We are the few, the proud, the brave members of Gen X who continue to make our way through the world while many of our peers have given up.

Do you remember, before we were Generation X, when we were the Pepsi Generation? Right about that time that Michael Jackson’s hair caught on fire? We were told that Pepsi was the choice of a new generation and there were videos and apparently our generation bought into it hardcore. We were also Peppers. Wouldn’t you like to be a Pepper, too? But that Pepsi Generation technique was actually a marketing campaign for Baby Boomers first and it worked so well for Pepsi when Baby Boomers were kids that they thought they’d try it out on us, too. And all the generations after. How you like Pepsi, Generation Next? Feel like joining the conversation since you “are the movement, this generation“? A lot of the conversation about generations is actually driven by advertising.

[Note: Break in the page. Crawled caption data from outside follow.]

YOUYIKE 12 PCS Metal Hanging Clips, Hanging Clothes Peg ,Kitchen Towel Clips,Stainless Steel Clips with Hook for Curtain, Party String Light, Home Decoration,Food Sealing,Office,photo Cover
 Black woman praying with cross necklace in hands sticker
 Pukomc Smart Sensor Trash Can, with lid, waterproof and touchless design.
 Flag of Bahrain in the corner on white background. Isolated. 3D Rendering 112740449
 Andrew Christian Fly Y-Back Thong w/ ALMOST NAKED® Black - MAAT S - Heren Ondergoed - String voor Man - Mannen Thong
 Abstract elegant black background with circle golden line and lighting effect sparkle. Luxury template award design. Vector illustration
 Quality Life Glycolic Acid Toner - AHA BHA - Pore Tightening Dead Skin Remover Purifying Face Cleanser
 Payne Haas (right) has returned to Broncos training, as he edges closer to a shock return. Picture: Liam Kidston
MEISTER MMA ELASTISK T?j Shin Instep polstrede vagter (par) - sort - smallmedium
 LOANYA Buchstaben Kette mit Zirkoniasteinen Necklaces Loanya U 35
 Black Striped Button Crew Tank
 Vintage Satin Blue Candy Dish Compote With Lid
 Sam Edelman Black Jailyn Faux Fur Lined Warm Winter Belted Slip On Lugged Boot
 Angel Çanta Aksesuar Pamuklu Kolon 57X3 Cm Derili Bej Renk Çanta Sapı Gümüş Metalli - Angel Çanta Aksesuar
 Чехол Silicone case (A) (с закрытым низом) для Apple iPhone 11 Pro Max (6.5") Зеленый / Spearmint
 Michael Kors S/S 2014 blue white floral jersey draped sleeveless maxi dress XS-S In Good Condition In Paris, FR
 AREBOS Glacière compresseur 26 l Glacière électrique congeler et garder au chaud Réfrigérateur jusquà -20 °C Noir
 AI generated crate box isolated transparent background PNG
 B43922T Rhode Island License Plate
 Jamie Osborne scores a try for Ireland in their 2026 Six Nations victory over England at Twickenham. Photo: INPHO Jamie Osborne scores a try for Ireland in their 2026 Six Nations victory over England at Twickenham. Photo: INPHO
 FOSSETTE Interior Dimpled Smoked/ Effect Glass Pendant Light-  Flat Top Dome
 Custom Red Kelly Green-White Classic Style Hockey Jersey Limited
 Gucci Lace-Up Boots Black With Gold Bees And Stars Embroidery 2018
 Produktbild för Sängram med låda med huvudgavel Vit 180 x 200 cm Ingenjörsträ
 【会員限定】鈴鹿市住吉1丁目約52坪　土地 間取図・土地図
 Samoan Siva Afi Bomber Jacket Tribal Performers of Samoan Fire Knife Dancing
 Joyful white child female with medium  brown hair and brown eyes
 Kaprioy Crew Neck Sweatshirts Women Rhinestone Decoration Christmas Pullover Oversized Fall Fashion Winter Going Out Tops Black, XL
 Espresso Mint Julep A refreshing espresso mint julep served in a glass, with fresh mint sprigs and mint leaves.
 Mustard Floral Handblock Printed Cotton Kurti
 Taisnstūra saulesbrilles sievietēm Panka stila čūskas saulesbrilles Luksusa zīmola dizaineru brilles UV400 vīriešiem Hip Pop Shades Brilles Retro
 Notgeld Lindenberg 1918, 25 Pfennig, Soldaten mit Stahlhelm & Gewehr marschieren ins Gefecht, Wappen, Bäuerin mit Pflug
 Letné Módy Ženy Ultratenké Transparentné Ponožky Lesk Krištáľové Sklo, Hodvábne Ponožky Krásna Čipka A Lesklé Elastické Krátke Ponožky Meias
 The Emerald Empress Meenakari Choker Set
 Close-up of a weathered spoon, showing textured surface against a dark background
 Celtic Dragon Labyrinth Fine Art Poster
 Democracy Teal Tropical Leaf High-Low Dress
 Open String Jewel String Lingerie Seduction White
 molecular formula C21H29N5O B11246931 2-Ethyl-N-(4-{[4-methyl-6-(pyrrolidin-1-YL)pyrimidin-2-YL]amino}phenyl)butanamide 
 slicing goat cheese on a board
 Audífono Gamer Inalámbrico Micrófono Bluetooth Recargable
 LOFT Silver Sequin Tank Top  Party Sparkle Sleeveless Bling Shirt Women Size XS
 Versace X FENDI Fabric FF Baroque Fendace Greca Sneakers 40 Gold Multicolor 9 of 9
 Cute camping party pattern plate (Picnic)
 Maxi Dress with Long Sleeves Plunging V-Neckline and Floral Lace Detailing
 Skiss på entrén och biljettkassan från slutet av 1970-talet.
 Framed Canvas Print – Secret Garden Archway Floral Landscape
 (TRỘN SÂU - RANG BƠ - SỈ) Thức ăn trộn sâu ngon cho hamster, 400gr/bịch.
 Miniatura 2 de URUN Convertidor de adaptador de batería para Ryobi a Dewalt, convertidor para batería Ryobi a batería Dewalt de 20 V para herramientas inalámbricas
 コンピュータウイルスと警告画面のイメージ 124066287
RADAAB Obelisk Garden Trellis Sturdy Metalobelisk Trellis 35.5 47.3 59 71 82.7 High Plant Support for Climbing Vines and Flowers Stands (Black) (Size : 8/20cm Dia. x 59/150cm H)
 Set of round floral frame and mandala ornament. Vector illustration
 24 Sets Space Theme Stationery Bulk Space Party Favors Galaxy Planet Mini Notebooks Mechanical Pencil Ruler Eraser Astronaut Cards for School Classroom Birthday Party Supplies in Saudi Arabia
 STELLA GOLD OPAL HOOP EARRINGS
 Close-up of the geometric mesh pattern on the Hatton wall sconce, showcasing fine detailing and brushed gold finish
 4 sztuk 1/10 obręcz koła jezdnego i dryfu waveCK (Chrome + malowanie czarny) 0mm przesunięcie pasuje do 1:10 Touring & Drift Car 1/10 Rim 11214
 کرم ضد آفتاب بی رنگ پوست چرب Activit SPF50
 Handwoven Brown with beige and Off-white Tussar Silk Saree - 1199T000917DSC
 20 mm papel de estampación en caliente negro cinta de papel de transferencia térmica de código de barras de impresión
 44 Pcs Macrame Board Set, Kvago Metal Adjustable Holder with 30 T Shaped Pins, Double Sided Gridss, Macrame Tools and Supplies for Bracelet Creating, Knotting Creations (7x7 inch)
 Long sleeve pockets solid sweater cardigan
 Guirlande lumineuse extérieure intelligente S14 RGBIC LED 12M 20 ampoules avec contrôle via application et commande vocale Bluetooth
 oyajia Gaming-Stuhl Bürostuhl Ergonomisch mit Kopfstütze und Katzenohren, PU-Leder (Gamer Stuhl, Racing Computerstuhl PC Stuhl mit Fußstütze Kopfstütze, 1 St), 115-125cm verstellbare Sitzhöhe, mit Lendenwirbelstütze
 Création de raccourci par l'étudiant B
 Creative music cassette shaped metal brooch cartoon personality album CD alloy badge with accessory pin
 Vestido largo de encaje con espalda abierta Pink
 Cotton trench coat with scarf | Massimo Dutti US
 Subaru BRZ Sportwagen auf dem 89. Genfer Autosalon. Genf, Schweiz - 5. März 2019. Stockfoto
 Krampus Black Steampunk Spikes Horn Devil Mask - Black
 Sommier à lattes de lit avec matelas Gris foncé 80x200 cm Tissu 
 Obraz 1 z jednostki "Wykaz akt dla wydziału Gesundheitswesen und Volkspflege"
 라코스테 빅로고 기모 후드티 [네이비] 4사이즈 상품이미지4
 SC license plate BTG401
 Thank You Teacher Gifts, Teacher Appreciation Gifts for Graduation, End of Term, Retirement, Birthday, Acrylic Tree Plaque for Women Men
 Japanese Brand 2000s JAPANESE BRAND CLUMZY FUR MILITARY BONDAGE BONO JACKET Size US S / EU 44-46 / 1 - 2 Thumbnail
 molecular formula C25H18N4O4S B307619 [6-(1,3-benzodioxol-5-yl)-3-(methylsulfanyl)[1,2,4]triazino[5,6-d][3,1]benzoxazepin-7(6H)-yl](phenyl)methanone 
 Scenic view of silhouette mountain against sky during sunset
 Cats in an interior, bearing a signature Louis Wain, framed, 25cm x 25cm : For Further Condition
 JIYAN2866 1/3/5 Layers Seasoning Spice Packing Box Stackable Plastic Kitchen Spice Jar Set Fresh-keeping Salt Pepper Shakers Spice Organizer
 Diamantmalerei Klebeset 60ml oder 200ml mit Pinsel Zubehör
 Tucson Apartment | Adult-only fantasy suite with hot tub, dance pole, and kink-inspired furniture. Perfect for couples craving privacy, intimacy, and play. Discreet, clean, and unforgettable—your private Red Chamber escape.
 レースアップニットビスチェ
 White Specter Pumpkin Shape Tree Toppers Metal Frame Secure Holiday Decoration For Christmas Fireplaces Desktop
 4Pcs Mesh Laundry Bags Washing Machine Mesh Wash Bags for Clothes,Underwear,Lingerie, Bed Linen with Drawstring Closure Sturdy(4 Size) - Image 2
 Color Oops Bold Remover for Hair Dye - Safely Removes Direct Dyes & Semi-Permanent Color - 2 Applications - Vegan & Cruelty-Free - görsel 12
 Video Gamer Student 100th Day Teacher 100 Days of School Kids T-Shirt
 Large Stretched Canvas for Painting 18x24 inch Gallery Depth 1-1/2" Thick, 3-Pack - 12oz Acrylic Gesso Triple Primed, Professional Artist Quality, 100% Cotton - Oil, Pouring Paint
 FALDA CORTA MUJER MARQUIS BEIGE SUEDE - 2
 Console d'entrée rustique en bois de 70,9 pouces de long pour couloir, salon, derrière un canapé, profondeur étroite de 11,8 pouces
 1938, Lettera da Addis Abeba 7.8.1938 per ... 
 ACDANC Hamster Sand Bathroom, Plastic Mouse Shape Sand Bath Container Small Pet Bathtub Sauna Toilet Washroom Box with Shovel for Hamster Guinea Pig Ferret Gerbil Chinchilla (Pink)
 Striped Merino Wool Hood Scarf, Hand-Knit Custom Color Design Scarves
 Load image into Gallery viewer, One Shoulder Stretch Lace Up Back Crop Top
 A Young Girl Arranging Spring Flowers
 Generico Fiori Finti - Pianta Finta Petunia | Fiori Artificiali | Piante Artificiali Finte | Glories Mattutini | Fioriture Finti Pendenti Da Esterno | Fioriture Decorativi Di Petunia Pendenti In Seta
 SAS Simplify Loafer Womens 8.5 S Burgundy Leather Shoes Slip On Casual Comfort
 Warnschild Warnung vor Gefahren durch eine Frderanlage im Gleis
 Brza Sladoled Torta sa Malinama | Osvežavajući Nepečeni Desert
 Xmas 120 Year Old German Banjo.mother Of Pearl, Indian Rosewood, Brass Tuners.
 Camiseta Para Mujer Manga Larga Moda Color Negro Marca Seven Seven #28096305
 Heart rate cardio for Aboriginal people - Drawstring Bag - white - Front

I read an article about an ad campaign for Lululemon wherein they’re targeting “the Yoga generation.” And which generation is that? As far as I can tell, every generation is doing yoga. My grandmother was doing yoga in the 70s and she was the Silent Generation. So that’s dumb. But…that’s what I mean, they’re trying to put you in a generational category so they can sell you stuff. I say you, not me, because advertisers are apparently not targeting Gen X-ers, because there are so few of us.

And here I think we have the heart of why Gen X tends to resist being labeled. We somehow have always known that once a marketer could label us, they were getting ready to sell us shit. But what’s hilarious is that marketers worked this out about us anyway – so they got sneakier with us when they still cared about us. I once bought a record almost entirely because of it’s ironic cover.

What’s ironic is now that Gen X is older, some members of Gen X have more money to spend but advertising has (mostly) stopped trying to reach us. Which probably explains why there’s been a recent bubbling up of Gen X articles. Marketers are perhaps getting interested in us again. For good and ill, I imagine. Just google anything to do with advertising and Gen X and you will see such an extraordinary trove of weird articles about how to advertise to us. Actually, search how to market to any generation and you’ll see some eye opening stuff about what’s going on behind that advertising curtain and where you might be vulnerable.

So Millennials and Gen Z, just in case you’re still here…I think it might be useful to recognize that when you see articles and listicles and so on and so on that reference your generation, you are probably being marketed to. The condescending pieces about you that make you mad may be designed to encourage you to spend your money on something or just click on something to get an ad near your eyeballs. The imaginary rivalries between Gen X and Millennials, or between Millennials and Boomers, are essentially clickbait for the people trying to sell you stuff.

As we now carry devices that have the capacity to market to us everywhere we go, we all need to become savvier about our vulnerabilities to advertising. As marketing becomes more personal and more direct, it will become harder and harder to remember our humanity. It might be helpful for all generations to take on some of our good ole Gen X skepticism.

We seem to now live in a world of relentless marketing. And it’s not just businesses who are marketing at us. The new norm seems to be a kind of marketing of self. People have become brands instead of individuals.

Most of Gen X has a gut response to this trend and it is a strong-armed revulsion. To us, this branding of people carries all the horrors of the origin of the word – the branding of cattle with a hot iron. For most of Gen X, this branding of the soul is relentlessly uncool. We liked our icons reclusive, uninterested in self promotion, and intensely private. Prince once gave an interview to the BBC wherein he neither spoke nor showed his face. Both Kurt Cobain and David Foster Wallace were incredibly uncomfortable with their own popularity.Can you imagine a Cobain clothing line? A David Foster Wallace cologne? For us, as soon as a band became popular, it ceased to be cool.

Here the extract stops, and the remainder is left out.